Loan Type | Discharge Standard | Key Process Differences | Success Likelihood (2025 Data) |
---|---|---|---|
Federal (e.g., Direct) | Undue hardship (3 prongs) | Attestation form; DOJ recommendation often leads to stipulation | High (98% in reviewed cases) |
Private | Undue hardship (3 prongs) | Full litigation; no government support | Low; requires strong evidence |
Note: Discharge may be full, partial, or result in modified terms (e.g., lower interest). Always verify eligibility, as bankruptcy impacts credit for 7-10 years.
Options for Addressing Defaulted Student Loans Outside of Bankruptcy
If bankruptcy isn't suitable, several alternatives can resolve default (typically after 270 days of nonpayment) without court involvement. These focus on federal loans, as private loans vary by lender and often require negotiation or settlement. Collections on defaulted federal loans resumed May 5, 2025, including wage garnishment (up to 15%) and tax refund offsets. The Fresh Start program, which offered a one-time reset for defaulted loans, ended October 2, 2024—no extensions were announced by July 2025.
Key Options for Federal Loans
- Loan Rehabilitation: Make 9 affordable payments (typically 15% of discretionary income or $5 minimum) over 10 months. Benefits: Removes default from credit report, restores eligibility for IDR and forgiveness (e.g., PSLF). Limited to once per loan. Contact your servicer via myeddebt.ed.gov or 1-800-621-3115.
- Loan Consolidation: Combine defaulted loans into a new Direct Consolidation Loan. Requires agreeing to an IDR plan or making 3 voluntary payments first. Benefits: Quick (often 4-6 weeks), qualifies for forgiveness credit under IDR adjustments. Apply at studentaid.gov/loan-consolidation.
- Full Repayment: Pay the entire balance, including collection fees (up to 25%). Rarely feasible but stops all consequences immediately.
- Income-Driven Repayment (IDR) Plans: After rehabilitation or consolidation, enroll in plans like SAVE (payments as low as $0, forgiveness after 10-25 years).
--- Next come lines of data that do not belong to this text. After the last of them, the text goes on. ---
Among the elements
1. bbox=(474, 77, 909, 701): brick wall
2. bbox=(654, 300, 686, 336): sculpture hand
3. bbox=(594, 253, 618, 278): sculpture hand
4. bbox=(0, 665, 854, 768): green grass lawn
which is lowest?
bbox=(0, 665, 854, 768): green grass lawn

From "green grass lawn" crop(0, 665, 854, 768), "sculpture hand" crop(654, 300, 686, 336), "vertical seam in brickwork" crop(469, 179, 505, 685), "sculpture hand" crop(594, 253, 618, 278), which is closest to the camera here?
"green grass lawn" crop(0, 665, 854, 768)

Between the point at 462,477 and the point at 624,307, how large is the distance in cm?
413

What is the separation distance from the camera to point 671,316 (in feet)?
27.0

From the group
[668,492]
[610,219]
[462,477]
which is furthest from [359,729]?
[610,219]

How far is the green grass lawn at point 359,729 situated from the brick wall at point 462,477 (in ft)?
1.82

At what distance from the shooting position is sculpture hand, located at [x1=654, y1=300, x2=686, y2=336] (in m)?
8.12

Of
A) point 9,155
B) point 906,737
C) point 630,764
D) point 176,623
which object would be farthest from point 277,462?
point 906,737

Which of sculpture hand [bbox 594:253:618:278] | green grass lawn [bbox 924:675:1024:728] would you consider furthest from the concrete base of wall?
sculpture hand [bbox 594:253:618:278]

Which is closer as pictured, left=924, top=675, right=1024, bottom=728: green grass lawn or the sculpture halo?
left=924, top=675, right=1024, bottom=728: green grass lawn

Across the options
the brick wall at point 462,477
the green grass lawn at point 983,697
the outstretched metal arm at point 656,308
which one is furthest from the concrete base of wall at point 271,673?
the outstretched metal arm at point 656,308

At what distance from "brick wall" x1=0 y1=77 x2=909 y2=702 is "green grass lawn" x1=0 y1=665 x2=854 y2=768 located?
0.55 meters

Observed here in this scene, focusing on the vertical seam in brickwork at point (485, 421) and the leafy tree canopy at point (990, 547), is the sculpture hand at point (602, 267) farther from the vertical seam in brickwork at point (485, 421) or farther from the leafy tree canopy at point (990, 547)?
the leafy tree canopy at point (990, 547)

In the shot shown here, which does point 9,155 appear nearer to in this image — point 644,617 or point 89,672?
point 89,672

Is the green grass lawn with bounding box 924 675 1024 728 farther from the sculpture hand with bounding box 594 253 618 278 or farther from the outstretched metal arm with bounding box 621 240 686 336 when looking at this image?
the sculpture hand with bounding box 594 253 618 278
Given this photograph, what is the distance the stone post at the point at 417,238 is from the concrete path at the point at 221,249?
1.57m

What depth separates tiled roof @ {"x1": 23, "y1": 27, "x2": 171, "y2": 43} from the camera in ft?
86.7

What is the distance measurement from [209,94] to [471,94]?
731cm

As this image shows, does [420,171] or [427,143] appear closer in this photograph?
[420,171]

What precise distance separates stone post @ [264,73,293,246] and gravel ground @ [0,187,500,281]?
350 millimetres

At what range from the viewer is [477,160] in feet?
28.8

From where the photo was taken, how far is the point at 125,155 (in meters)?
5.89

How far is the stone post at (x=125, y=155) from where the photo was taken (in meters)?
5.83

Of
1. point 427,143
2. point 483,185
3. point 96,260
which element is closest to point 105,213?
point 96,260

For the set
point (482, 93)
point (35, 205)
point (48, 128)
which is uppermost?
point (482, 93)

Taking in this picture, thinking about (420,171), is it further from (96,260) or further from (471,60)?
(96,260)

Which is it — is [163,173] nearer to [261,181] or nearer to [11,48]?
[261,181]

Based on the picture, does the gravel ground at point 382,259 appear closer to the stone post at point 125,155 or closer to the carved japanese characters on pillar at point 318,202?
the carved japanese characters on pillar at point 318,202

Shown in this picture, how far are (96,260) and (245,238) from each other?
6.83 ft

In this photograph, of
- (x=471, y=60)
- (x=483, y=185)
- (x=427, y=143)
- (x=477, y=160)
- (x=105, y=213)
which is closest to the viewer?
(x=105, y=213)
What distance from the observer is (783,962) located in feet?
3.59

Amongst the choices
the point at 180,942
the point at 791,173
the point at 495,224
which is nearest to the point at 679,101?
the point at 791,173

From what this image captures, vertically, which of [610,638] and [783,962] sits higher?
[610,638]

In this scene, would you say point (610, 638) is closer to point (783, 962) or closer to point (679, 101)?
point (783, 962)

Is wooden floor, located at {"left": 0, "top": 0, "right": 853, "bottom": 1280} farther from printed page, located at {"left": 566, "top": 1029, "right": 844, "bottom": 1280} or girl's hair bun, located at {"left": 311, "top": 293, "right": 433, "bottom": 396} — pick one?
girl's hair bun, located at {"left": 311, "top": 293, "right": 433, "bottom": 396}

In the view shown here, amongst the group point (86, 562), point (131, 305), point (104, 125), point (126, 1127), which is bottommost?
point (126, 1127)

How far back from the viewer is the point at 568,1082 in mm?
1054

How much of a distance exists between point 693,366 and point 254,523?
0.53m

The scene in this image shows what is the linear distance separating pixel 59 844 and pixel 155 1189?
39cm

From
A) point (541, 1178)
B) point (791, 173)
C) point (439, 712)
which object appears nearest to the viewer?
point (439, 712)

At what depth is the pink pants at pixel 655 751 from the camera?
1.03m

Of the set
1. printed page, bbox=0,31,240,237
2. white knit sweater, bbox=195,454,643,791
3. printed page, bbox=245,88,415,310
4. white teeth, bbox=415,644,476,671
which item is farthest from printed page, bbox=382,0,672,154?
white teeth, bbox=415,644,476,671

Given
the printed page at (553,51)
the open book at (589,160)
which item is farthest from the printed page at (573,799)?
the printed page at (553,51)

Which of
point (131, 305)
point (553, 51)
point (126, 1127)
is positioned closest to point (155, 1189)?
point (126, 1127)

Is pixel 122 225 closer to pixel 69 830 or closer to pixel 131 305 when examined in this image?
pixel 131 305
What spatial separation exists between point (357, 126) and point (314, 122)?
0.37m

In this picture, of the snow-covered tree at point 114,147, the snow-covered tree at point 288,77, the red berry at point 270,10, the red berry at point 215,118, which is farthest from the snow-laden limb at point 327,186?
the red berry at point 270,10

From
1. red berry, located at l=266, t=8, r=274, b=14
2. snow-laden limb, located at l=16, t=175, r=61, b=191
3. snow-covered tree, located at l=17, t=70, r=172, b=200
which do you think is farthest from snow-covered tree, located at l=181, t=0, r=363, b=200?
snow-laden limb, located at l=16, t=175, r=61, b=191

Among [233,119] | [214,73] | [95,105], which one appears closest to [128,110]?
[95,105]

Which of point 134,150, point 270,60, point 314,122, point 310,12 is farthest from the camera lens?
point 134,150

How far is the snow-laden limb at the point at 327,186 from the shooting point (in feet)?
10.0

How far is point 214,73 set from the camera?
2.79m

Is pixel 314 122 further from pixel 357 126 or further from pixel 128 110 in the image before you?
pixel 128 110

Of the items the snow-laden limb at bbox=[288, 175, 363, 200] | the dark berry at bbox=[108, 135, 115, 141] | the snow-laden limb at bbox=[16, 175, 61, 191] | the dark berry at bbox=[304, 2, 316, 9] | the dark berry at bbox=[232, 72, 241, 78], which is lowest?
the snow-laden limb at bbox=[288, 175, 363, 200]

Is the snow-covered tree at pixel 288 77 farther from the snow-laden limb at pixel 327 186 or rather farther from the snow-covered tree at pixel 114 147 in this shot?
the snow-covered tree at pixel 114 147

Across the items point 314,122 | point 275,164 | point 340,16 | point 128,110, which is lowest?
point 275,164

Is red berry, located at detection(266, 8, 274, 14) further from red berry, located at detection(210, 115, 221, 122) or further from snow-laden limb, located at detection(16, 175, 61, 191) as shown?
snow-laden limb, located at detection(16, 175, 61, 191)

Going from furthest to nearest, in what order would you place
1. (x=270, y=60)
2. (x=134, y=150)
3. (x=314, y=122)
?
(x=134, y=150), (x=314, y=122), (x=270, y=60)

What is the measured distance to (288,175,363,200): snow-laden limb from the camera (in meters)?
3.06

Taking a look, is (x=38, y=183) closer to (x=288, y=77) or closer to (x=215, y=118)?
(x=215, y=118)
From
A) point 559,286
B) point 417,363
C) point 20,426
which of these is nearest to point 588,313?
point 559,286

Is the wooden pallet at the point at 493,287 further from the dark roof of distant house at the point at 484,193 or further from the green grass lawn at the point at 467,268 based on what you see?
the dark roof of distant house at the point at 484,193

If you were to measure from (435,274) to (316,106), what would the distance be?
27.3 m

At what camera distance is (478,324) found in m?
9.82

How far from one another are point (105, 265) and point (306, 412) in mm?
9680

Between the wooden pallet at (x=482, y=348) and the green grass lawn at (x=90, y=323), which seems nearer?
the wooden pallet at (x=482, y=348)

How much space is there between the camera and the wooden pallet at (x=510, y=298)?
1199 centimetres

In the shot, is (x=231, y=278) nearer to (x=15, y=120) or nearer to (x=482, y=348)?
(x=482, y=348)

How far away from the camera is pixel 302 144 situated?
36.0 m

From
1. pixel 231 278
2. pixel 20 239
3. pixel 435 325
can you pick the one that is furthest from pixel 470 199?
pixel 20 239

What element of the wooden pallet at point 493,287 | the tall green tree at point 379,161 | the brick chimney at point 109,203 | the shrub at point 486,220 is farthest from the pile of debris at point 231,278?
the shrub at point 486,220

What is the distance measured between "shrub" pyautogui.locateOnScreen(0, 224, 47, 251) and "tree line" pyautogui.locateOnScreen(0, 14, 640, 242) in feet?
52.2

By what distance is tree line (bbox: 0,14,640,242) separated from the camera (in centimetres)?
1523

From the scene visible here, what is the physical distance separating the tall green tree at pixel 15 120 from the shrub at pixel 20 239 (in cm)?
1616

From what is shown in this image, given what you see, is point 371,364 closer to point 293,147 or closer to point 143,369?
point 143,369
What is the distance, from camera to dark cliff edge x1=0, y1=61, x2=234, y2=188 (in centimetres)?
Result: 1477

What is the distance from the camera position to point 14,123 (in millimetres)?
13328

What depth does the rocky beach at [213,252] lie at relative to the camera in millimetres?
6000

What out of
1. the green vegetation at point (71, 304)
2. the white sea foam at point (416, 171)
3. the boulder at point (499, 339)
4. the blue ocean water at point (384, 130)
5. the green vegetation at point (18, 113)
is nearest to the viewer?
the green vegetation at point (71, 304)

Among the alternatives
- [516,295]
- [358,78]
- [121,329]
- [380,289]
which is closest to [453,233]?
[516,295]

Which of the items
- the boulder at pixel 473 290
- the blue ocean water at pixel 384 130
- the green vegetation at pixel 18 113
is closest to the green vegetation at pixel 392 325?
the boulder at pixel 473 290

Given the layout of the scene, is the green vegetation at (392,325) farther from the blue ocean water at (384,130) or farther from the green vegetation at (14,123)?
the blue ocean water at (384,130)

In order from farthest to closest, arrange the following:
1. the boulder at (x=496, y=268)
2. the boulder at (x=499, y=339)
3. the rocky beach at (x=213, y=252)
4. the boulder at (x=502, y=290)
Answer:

Use the Loan Simulator at studentaid.gov/loan-simulator for estimates.
- Forgiveness Programs: Pursue Public Service Loan Forgiveness (PSLF) after 120 qualifying payments or teacher/ borrower defense forgiveness if eligible. Default disqualifies you until resolved.
- Deferment or Forbearance: Temporary pauses (e.g., economic hardship, unemployment) after getting out of default. Interest may accrue.
Option | Timeframe | Credit Impact | Forgiveness Eligibility |
---|---|---|---|
Rehabilitation | 10 months | Removes default | Yes, full access |
Consolidation | 4-6 weeks | Default remains but stops collections | Yes, with IDR |
IDR Enrollment | After resolution | N/A | Yes, payments count toward forgiveness |
Full Repayment | Immediate | Removes default | N/A |
For private loans in default, options include settlement (lump-sum payoff at a discount), rehabilitation per lender terms, or hardship forbearance. Avoid scams—use free resources like studentaid.gov or nonprofit counselors.
Final Thoughts
Discharging student loans in bankruptcy is viable in 2025, especially for federal loans under the DOJ's guidance, but it requires proving undue hardship and professional help. For defaulted loans, rehabilitation or consolidation offers practical paths forward without bankruptcy's long-term effects. With collections active since May 2025, act promptly to avoid garnishment or offsets. Visit studentaid.gov, justice.gov/ust/student-loan-guidance, or contact the Default Resolution Group (1-800-621-3115) for free assistance. Stay informed—student loan policies continue to shift.